§ **WHAT TO DO**
Copy the data below exactly. Any pictures in it should be omitted.

§ **PROVIDED MATERIAL**
━━━━━━━━━━━━━━━━

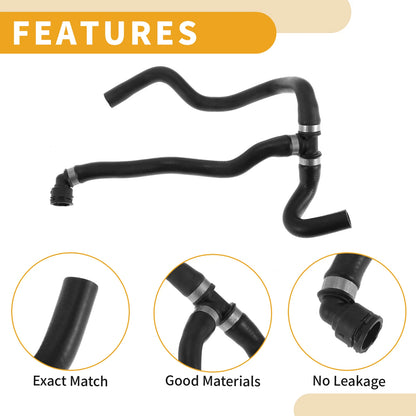HVAC Heater Hose for BMW X4 (2015–2018), X3 (2011–2017) No. 64219193255 Rubber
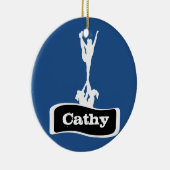 Blauw aanpasbare schottensornament keramisch ornament (Rechts)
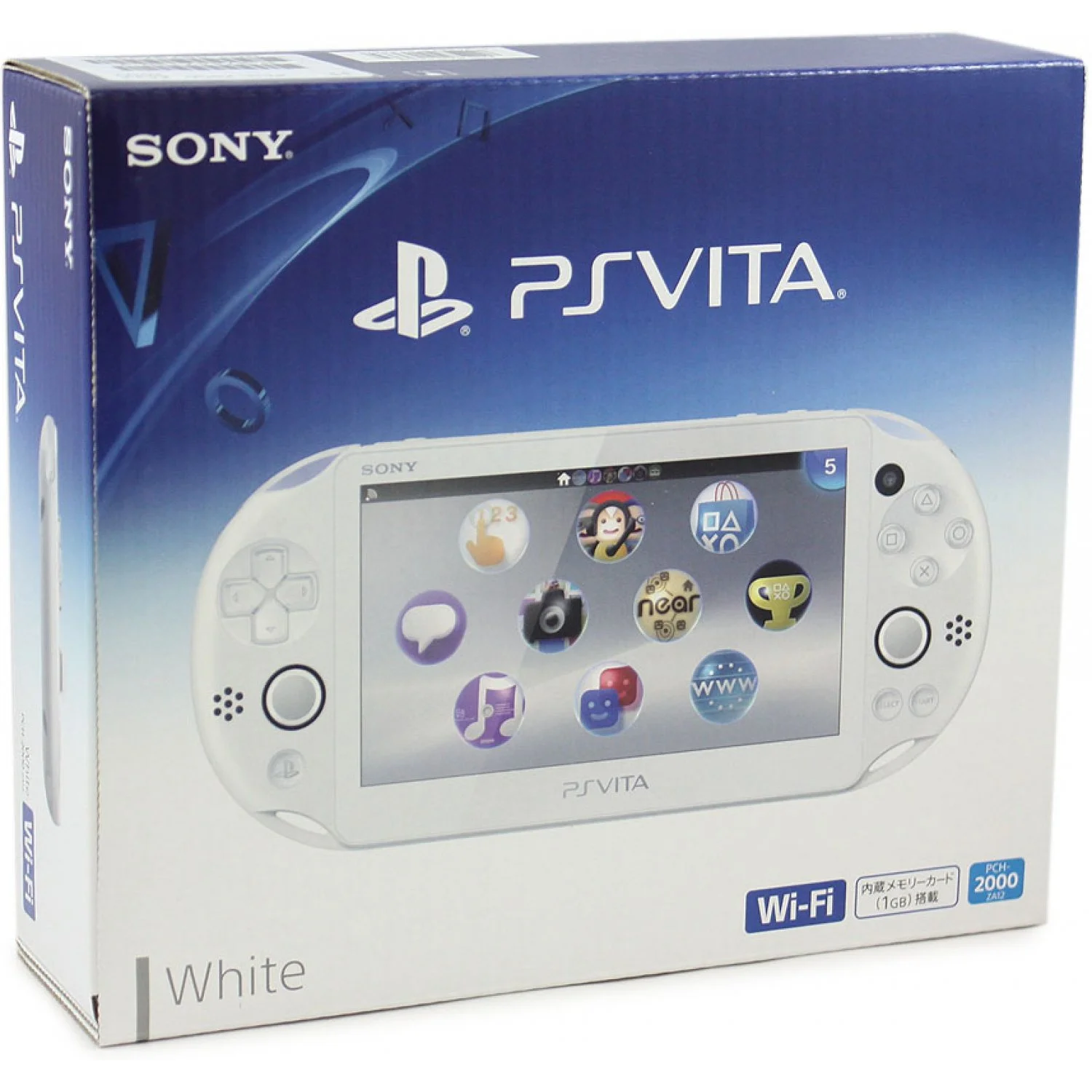  Sony PS Vita Slim White Console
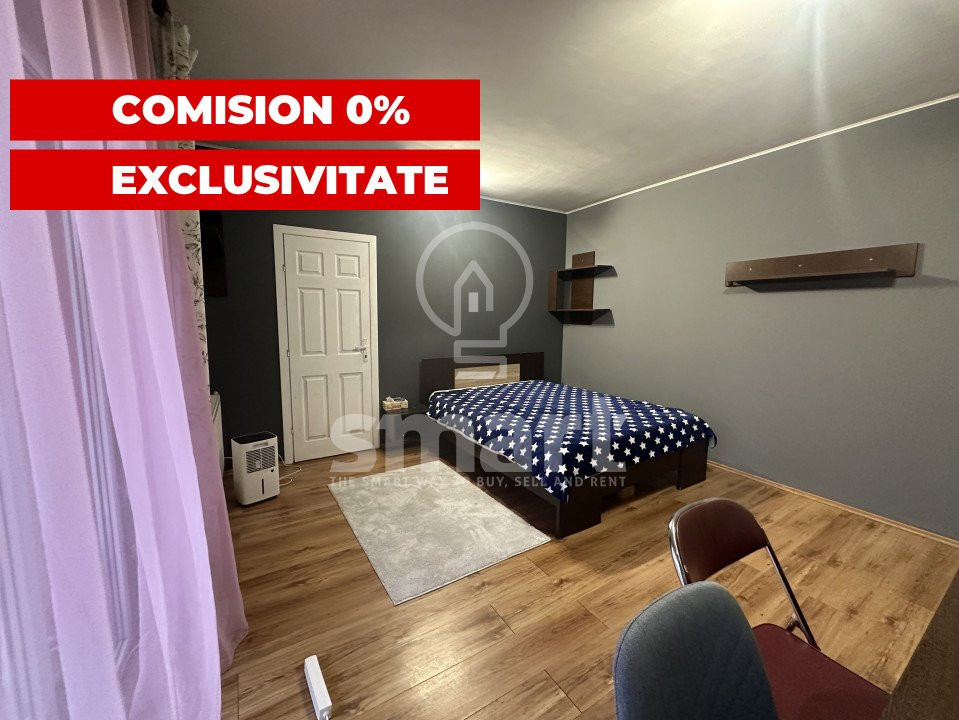 Apartament 1 camera 41mp+balcon Manastur zona Câmpului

━━━━━━━━━━━━━━━━

§ **EXERCISE OUTPUT**
HVAC Heater Hose for BMW X4 (2015–2018), X3 (2011–2017) No. 64219193255 Rubber
 Blauw aanpasbare schottensornament keramisch ornament (Rechts)
  Sony PS Vita Slim White Console
 Apartament 1 camera 41mp+balcon Manastur zona Câmpului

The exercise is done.